This month our Innovators session is covering a hot topic in the education space – the flipped classroom. The presenters are from California State University, Northridge (CSUN) and include Jodi Brown, Ph. D.; Wendy Ashley, Psy.D./LCSW; and Li Wang, Ph. D. Brown and Ashley are both faculty members in the Department of Social Work at CSUN and Wang is an instructional designer for the Faculty Technology Center. These educators have adopted the flipped classroom model and plan to implement it in their courses for the 2012-2013 school year. Learn more about the process of developing a flipped classroom with SoftChalk by reading the interview below and signing up for the Innovators in Online Learning Session, which will take place August 13th at 4:00PM EDT.
Q: How does CSUN define the flipped classroom model?
A: Faculty Technology Center (FTC): We define the flipped classroom as taking lectures out of the classroom and replacing them with value-added, interactive activities such as discussions, working practice problems, team-based exercises, etc. This enables students to “rewind the instructor” and watch the lecture outside of class as many times as desired from any device, which presumably increases retention and comprehension.
Q: Why did you decide to move to this approach?
A: Jodi Brown (JLB): The Department of Social Work at CSUN is launching an online program in the fall so all of our courses need to be available to students off-site.
A: Wendy Ashley (WA): We found that developing courses around traditional methods that worked in the classroom were too “flat” and not engaging enough for an online program. With SoftChalk we were able to create interactive activities and lectures that added a level of depth to our course development. Further, SoftChalk materials have been helpful in adding more interactive elements to our in class program as well, which we were not anticipating.

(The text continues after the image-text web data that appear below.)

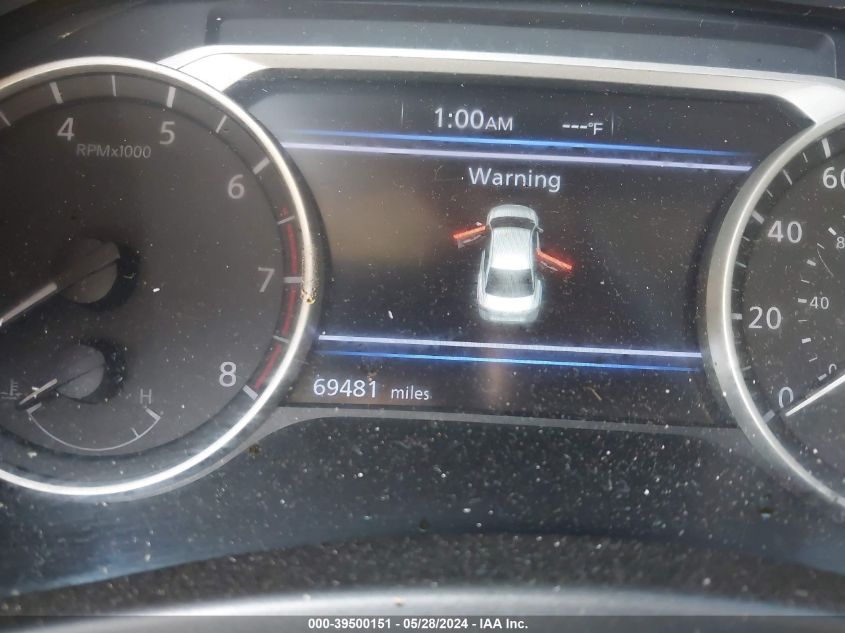 2021 Nissan Sentra Sv Xtronic Cvt VIN: 3N1AB8CV8MY226225 Lot: 39500151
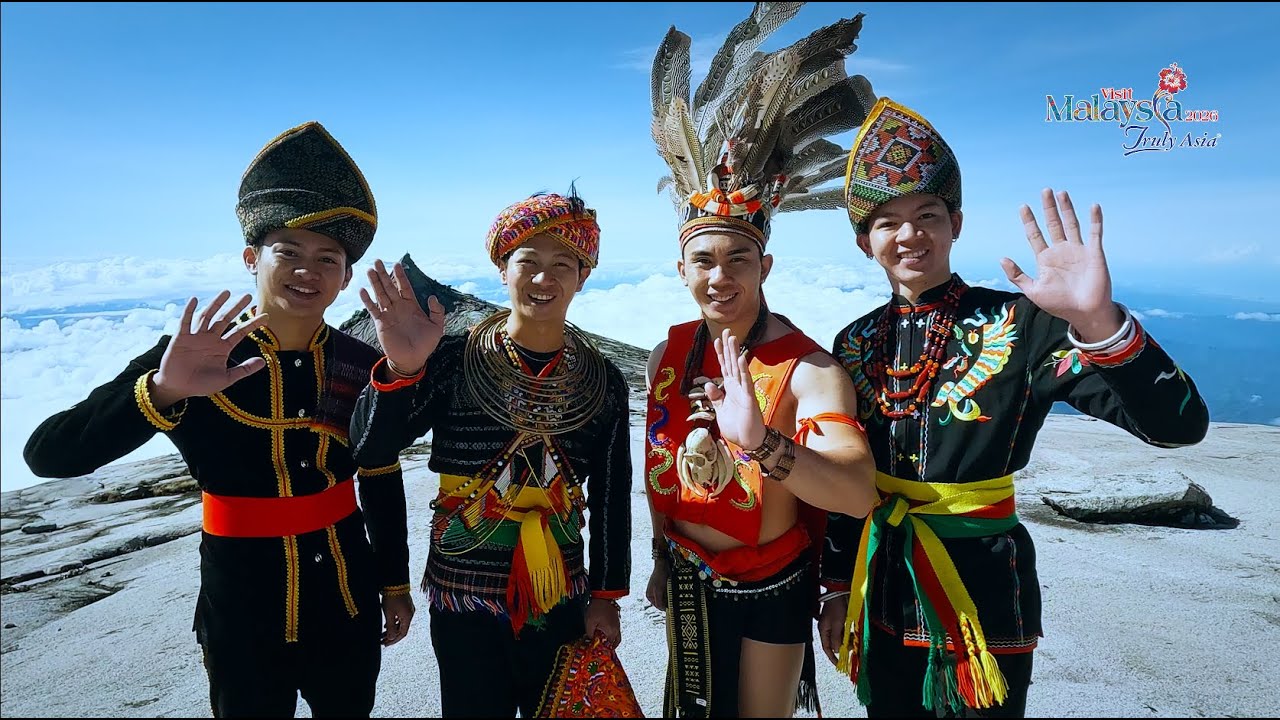 Visit Malaysia Truly Asia 2026 (4K)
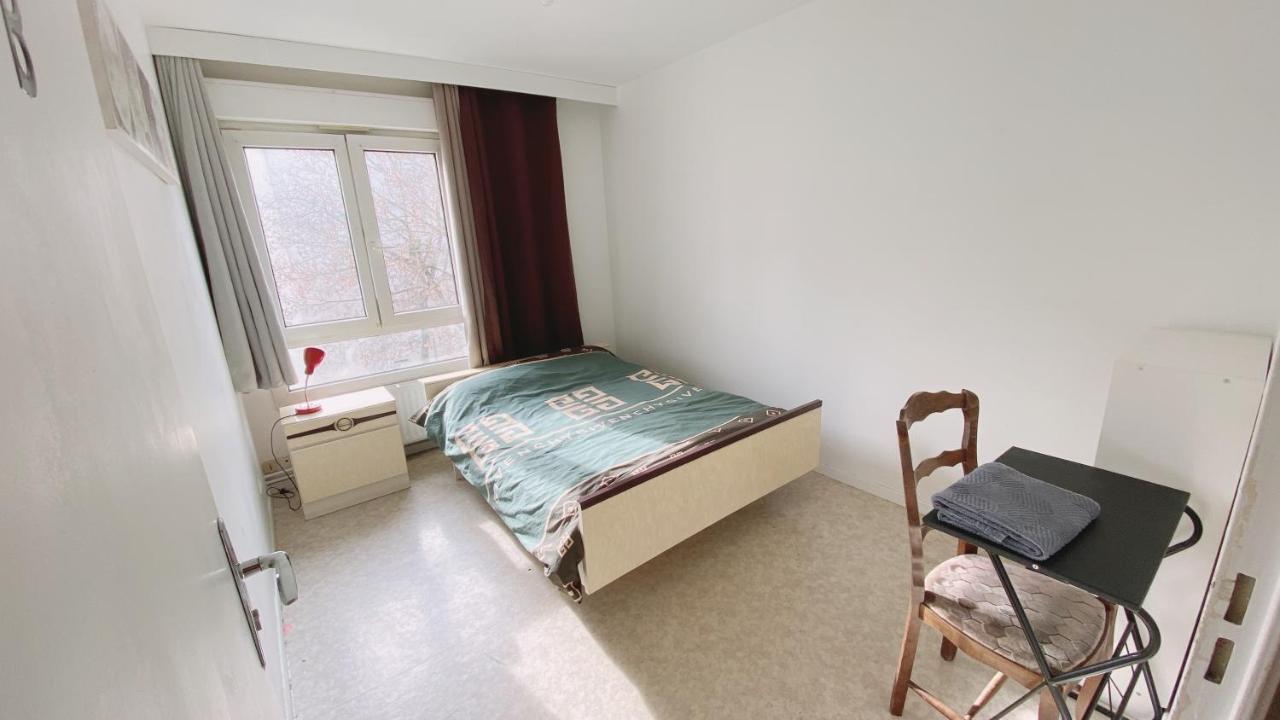 Nancy Hyper Centre, Chambre Prive Chez L'Habitant En Colocation Bagian luar foto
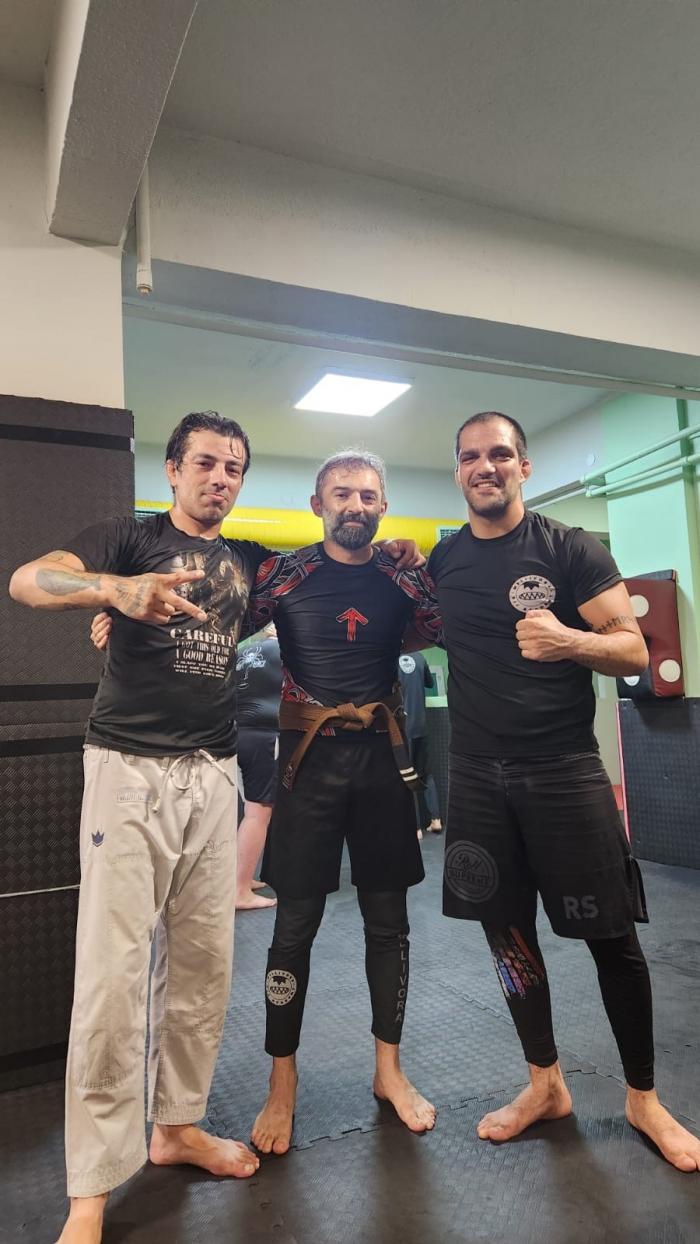 Brown belt · July 20, 2024 · Promoted by Devran Umut Tuzla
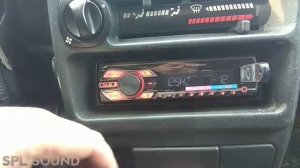 Обзор магнитолы PIONEER MVH 150UB Клипп ГУ [get-save.com]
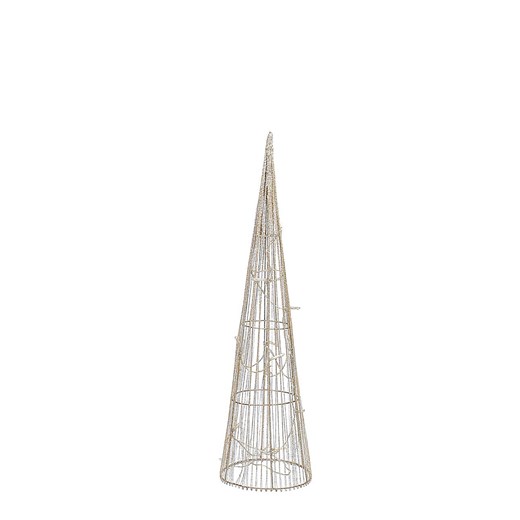 Dekoracja Christmas LED 60cm ze sklepu dekoria.pl w kategorii Dekoracje bożonarodzeniowe - zdjęcie 186815934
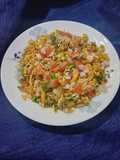 Instant street style matki bhujia bhel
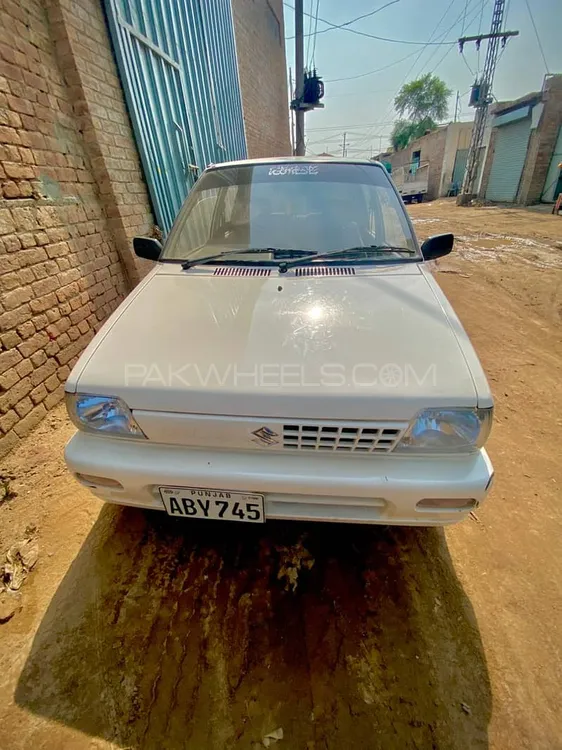 Suzuki Mehran 2019 for Sale in Vehari Suzuki Mehran 2019 for Sale in Vehari Image-5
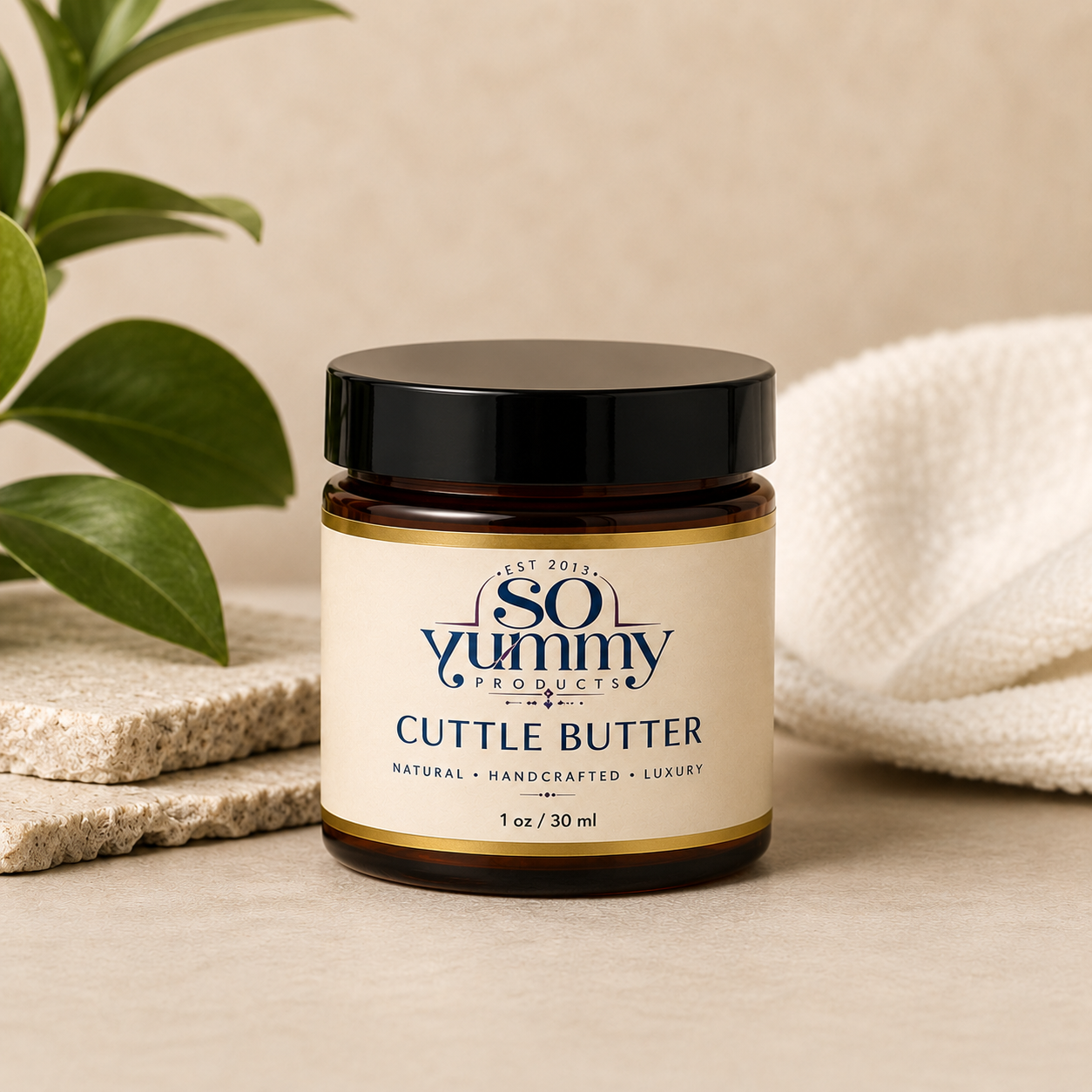 Cuticle Butter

Q: How many programs at CSUN are following the Flipped Classroom model?
A: WA: I am not sure, since I believe the definition of a flipped classroom is different across the departments.
A: FTC: Flipping is so new that we don’t have concrete statistics yet; however, based on interest and growing demand for video and lecture capture services, we can tell that it is growing rapidly.
Q: What are the advantages of a flipped classroom?
A: WA: It seems like the most obvious advantage is the interactive, exciting presentation of the material. Since we have done more creating and less “doing,” our information is limited. I am hopeful that the students find the model engaging and are motivated to pay more attention and absorb the material more comprehensively.
Q: Are there any disadvantages or challenges?
A: WA: We have limited information until we actually teach using a flipped classroom model (our program launches this fall). However, I will say that there is somewhat of a learning curve in learning a new way to teach.
Q: How has SoftChalk been helpful with implementing the flipped classroom?
A: JLB: I tested one of my online modules with students in my current class. They reported liking the interactivity of SoftChalk compared to my usual Powerpoint lectures and asked for access for the modules so they can review the material at their leisure.
A: WA: I feel like SoftChalk added an element of interest and made my modules more three dimensional, vs the two dimensional modules with PowerPoint alone.